Un giorno, racconta Arpaia, Albert Einstein e il grande matematico Kurt Gödel passeggiavano a Princeton, dove lavoravano entrambi all’Insitute for Advanced Study ed erano diventati amici. E Einstein chiede a Gödel: «Dove va il tempo che passa?» Bellissima domanda, peccato che non siamo ancora riusciti a trovare una risposta. E peccato anche scoprire quello che ho scoperto andando a rovistare in Internet per saperne di più del per me sconosciuto Kurt Gödel. Lui, grande mente della logica moderna, che legò il nome a fondamentali studi sull’ “incompiutezza”, era preda di deliri paranoici e di anoressia fino a morire di malnutrizione e inedia nel 1978 con ventinove chili di peso e settantadue anni di età. Questo però Arpaia non lo racconta nel suo libro. Giustamente. Sarebbe andato fuori tema.
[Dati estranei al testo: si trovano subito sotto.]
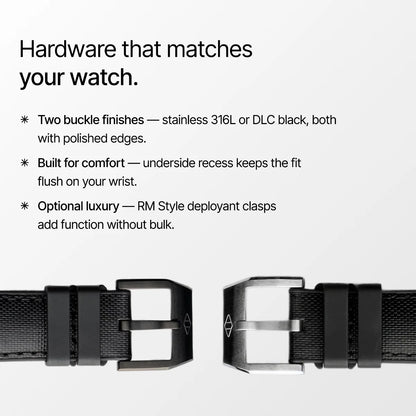 HydroFlex™ Black Hybrid FKM Watch Strap With Black Stitching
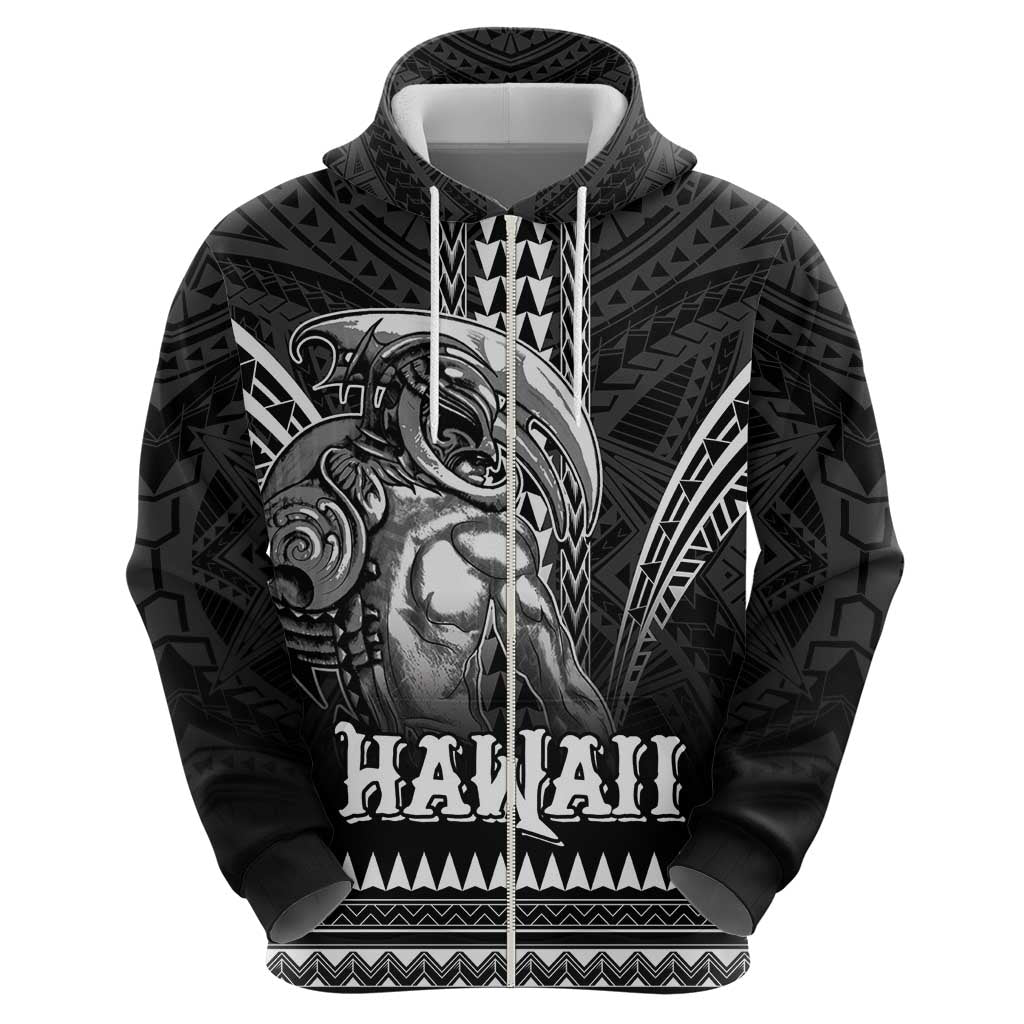 Hawaiian Ikaika Warrior Zip Hoodie Tribal Pattern LT05 - Polynesian Pride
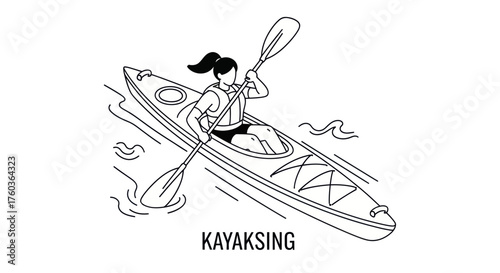 Woman Kayaking on Water with Paddle Line Art Illustration.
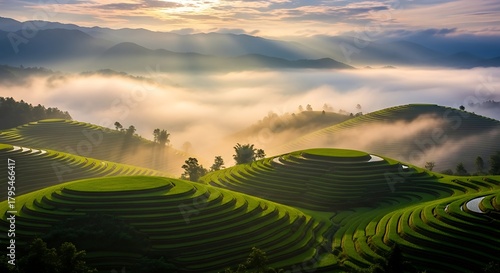 Verdant Rice Terraces Bathed in Ethereal Light and Mist, Mu Cang Chai, Vietnam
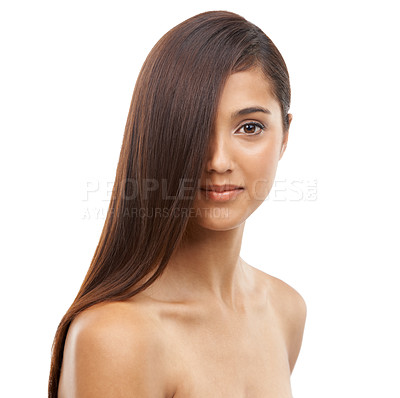 Buy stock photo Hair care, health and portrait of young woman in studio for cosmetic, salon and beauty treatment. Wellness, confident and female person with shiny conditioner hairstyle routine by white background.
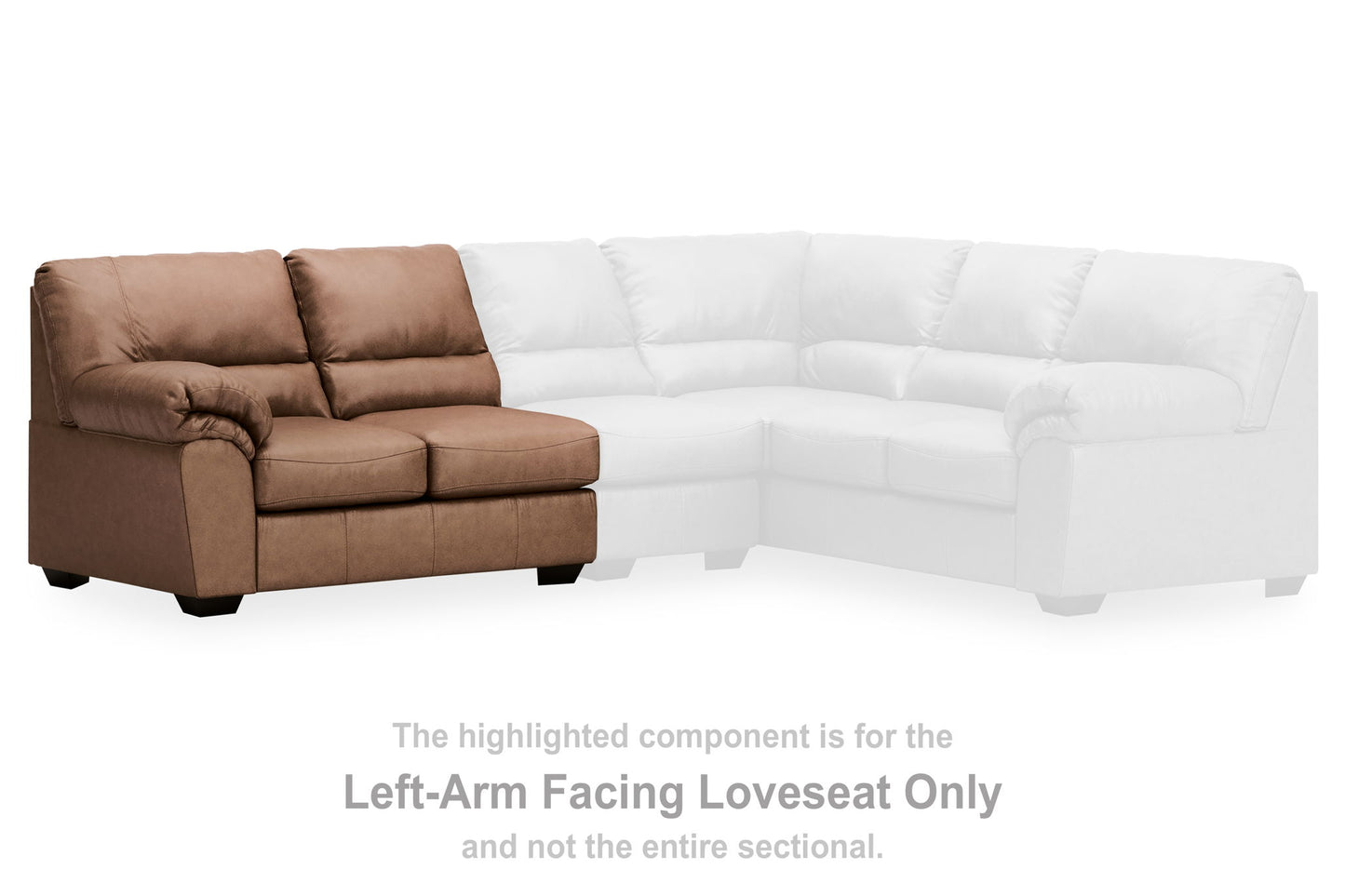 Whitlock - LAF Loveseat - Caramel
Anche perché, mentre pensava alla domanda che Einstein aveva fatto a Gödel, gli è venuto in mente il tempo infinito delle sue visite alla madre fuori di testa e al proprio irresistibile desiderio che i minuti si mettessero a correre e chi se ne frega dove sarebbero andati a finire: «… non vanno da nessuna parte: rimangono lì a pesarmi come macigni, finché lei non viene chiamata a pranzo o a cena, io posso andarmene, e il tempo riprende il suo ritmo quasi normale».
Insomma «nulla è assoluto, tutto è relativo» per restare ad Einstein. E anche a Gödel. Perché, diciamolo, meglio il destino di invecchiare in santa pace (possibilmente in buona salute), che sprofondare nel delirio e nella paura. Paura di essere avvelenato, nel suo caso. Ma, in definitiva, paura di morire. E siccome è inevitabile, meglio arrivare alla conclusione di Arpaia: sì, meglio arrendersi (e, aggiungo io, magari nel frattempo godersela).